___ Exercise data

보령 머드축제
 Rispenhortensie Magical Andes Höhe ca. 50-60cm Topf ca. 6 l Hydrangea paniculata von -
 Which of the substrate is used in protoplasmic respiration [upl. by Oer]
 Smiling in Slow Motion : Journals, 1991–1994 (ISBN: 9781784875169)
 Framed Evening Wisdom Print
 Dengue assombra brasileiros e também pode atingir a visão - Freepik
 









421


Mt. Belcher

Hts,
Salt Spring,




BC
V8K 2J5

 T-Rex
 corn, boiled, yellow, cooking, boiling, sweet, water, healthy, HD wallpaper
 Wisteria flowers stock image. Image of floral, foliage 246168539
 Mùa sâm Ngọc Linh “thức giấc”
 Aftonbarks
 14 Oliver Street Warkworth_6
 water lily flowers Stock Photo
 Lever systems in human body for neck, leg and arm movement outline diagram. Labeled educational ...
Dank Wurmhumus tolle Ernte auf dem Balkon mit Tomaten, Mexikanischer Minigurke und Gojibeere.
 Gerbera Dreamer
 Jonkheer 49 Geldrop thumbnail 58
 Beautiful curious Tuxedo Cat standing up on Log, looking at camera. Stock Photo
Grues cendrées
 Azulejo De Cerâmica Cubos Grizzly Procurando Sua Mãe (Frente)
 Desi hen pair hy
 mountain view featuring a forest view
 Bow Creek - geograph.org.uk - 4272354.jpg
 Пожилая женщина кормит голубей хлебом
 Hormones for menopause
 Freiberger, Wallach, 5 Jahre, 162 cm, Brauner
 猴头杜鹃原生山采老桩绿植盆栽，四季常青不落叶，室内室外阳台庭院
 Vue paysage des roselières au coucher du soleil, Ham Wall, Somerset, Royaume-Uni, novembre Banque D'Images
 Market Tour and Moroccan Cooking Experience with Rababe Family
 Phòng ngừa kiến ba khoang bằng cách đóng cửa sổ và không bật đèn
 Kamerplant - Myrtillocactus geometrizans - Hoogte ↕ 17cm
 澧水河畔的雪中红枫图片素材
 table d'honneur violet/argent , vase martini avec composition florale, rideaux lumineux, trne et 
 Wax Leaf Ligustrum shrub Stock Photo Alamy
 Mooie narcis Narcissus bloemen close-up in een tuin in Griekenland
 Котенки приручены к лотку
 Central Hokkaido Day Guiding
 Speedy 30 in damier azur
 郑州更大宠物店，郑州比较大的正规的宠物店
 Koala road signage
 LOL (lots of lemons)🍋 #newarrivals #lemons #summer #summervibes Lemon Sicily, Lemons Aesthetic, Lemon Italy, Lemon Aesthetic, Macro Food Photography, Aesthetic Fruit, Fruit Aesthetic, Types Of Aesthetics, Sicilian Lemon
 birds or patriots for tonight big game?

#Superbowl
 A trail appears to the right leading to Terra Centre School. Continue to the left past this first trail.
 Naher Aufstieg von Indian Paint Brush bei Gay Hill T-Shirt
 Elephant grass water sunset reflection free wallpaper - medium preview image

______

§ The task: Scan the lines above for "flowers" and state how many match, nothing more.

§ Solution to this problem: 2